Data from: Time since disturbance affects colonization dynamics in a metapopulation
Mutz, Jessie; Underwood, Nora; Inouye, Brian D. (2018), Data from: Time since disturbance affects colonization dynamics in a metapopulation, Dryad, Dataset, https://doi.org/10.5061/dryad.60326
1. Disturbances are widespread in nature and can have substantial population-level consequences. Most empirical studies on the effects of disturbance track population recovery within habitat patches, but have an incomplete representation of the recolonization process. Additionally, recent metapopulation models represent post-disturbance colonization with a recovery state or time-lag for disturbed (“focal”) patches, thus assuming that recolonization rates are uniform. 2. However, the availability of colonists in neighboring “source” patches can vary, especially in frequently-disturbed landscapes such as fire-managed forests that have a mosaic of patches that differ in successional state and undergo frequent local extinctions.
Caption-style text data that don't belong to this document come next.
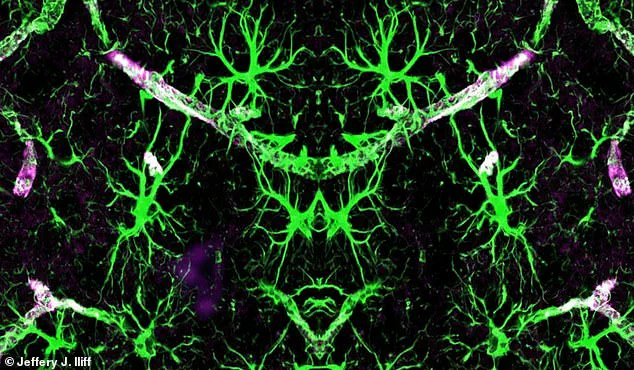 Sleep Position and Memory Loss: What Experts Reveal About Cognitive Health Risks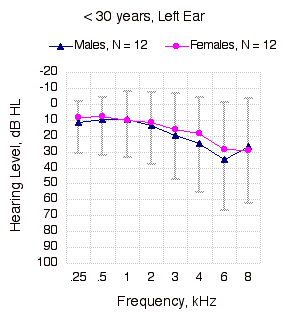 Pure Tone Thresholds, < 30 years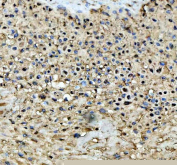 IHC staining of FFPE human placental tissue with STAT6 antibody, HRP-labeled secondary and DAB substrate. HIER: boil tissue sections in pH8 EDTA for 20 min and allow to cool before testing.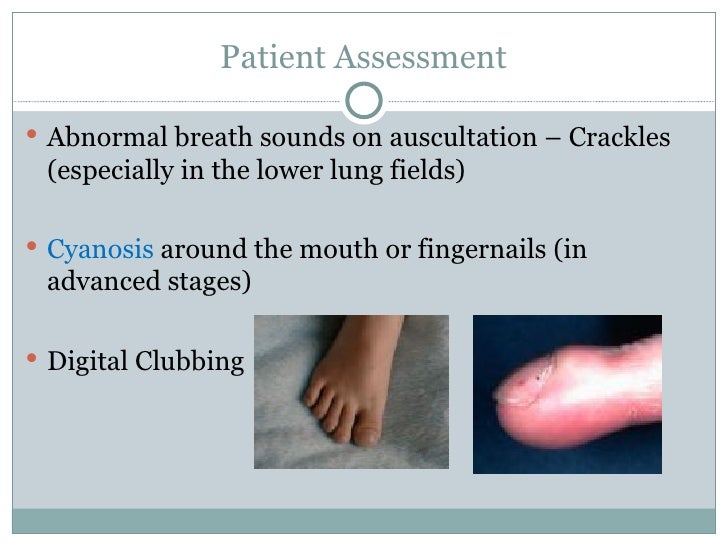 pulmonary fibrosis presentation pulmonary fibrosis presentation, Presentation templates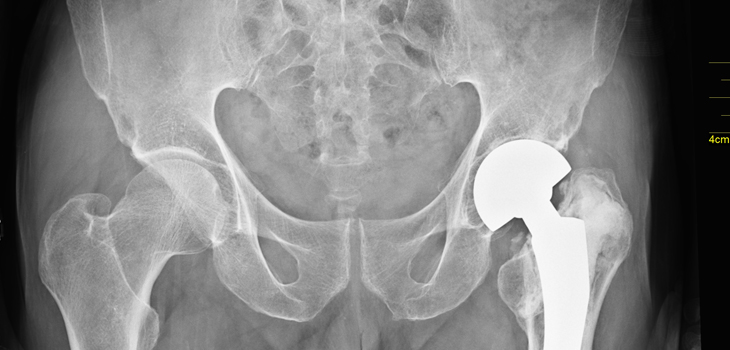 Hip Surgery? Try Digital Imaging Intraoperatively
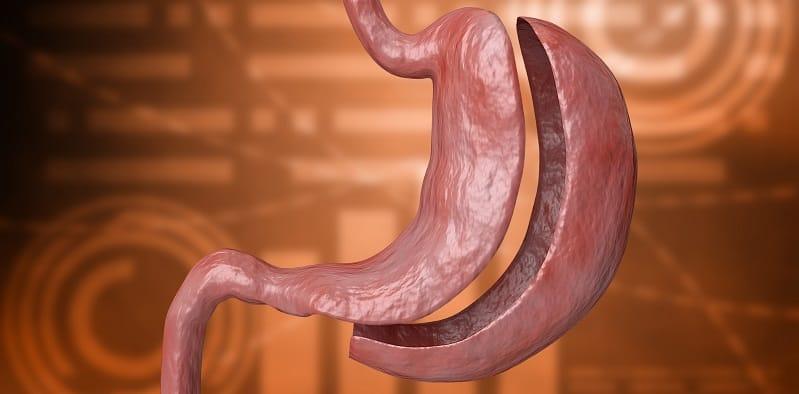 Pernah Dengar Pembedahan Pintasan Perut? Inilah 'Rahsia' Orang Kurus Dalam Sebulan!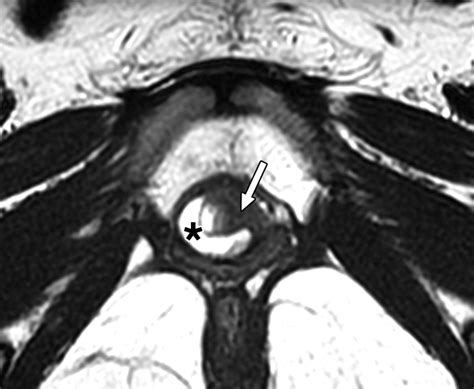 Pre- and Postoperative Evaluation of Urethral Diverticulum | AJR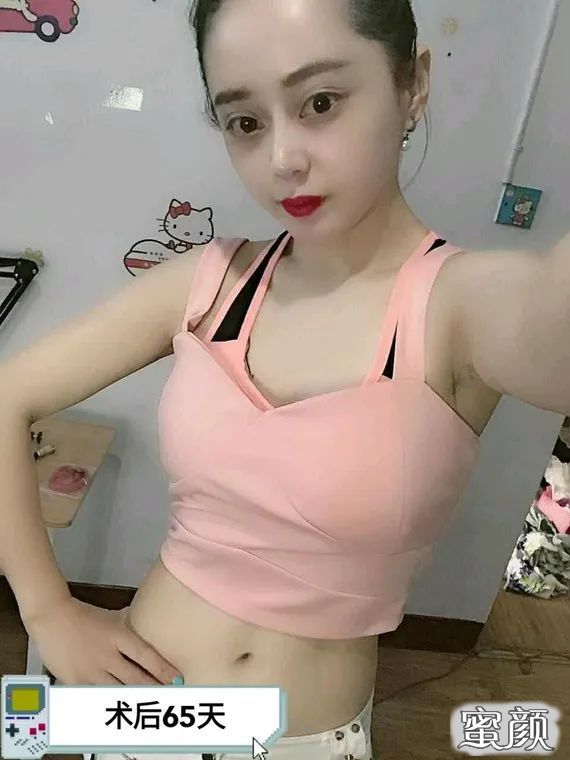 案例图片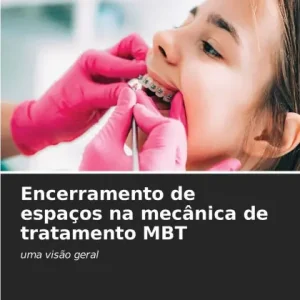 Encerramento de espaÃ¯Â¿Â½os na mecÃ¯Â¿Â½nica de tratamento MBT Viral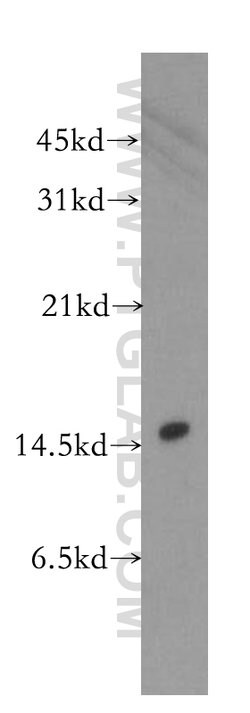 LSM4 Rabbit anti-Human, Mouse, Rat, Polyclonal, Proteintech:Antibodies:Primary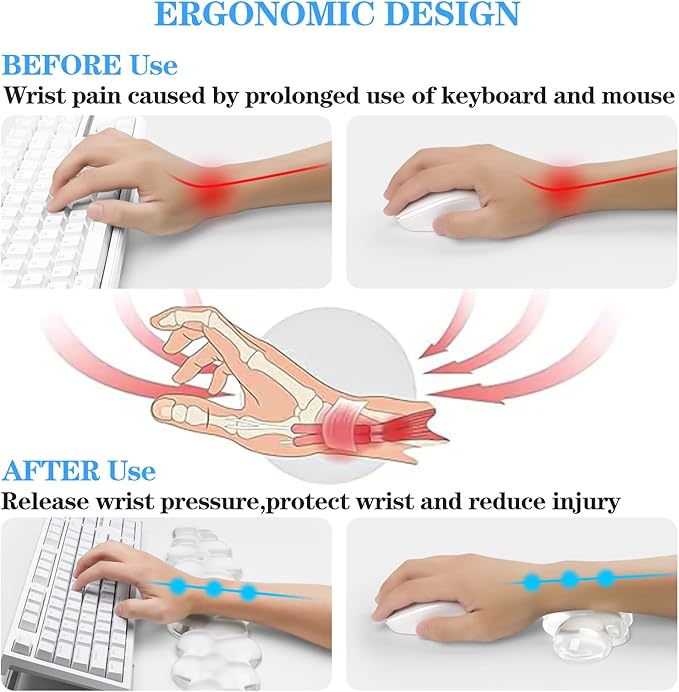 Acrylic Transparent Computer Keyboard Stand with Gel Cloud Keyboard and Mouse Wrist Rest Ergonomic Tilting 3-in-1 Set Relieves Painful Typing for Office/Computer/Laptop/Gaming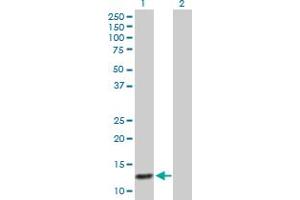 Western Blotting (WB) image for anti-ATP-Binding Cassette, Sub-Family C (CFTR/MRP), Member 6 (ABCC6) (AA 1-99) antibody (ABIN513449)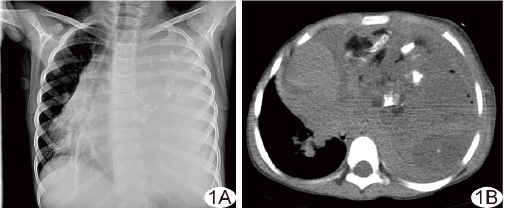 左侧胸腔巨大成熟畸胎瘤1例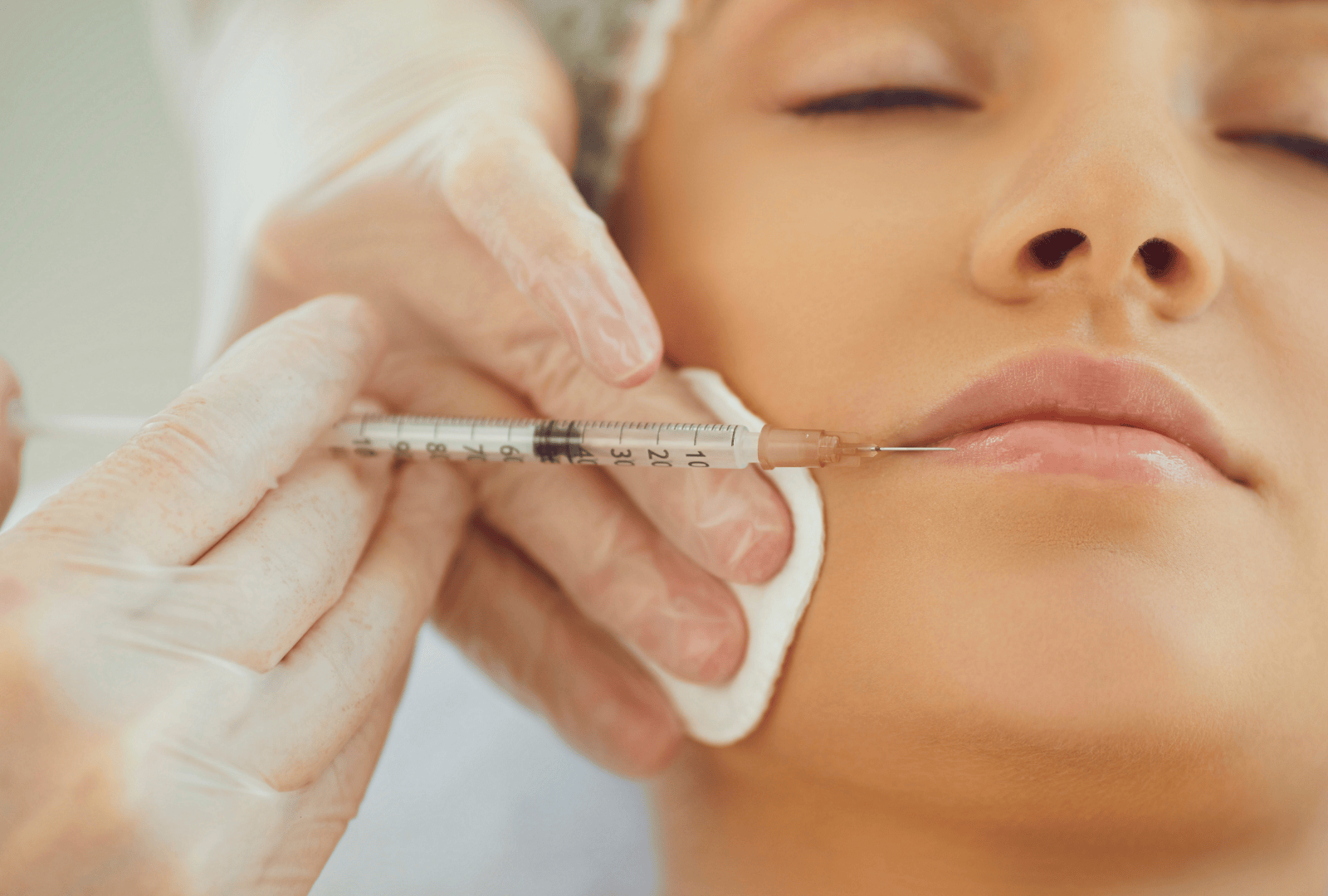 DERMAL FILLERS (2)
To determine how time since disturbance in both focal and neighboring source patches might affect metapopulations, we studied the effects of time since fire (TSF) on abundances of a specialist palmetto beetle within and between fire management units in Apalachicola National Forest, Florida. 3. We measured beetle abundances at three distances from the shared edge of paired units, with units ranging from 0-64 months since fire and the difference in time since burning for a focal-source pair ranging from 3-58 months. 4. Soon after fire, beetle abundances within management units were highest near the unit edge, but this pattern changed with increasing TSF. Between paired units, the more recently-disturbed (“focal”) unit’s beetle abundance was positively related to source unit abundance, but the shape of this relationship differed based on focal unit TSF and the units’ difference in time since burning. 5. Results suggest that both focal and source habitat history can influence recolonization of recently-disturbed patches and that these effects may persist over years. Thus, when predicting metapopulation dynamics, variation in habitat characteristics should be considered not only for patches receiving colonists, but for patches supplying colonists as well.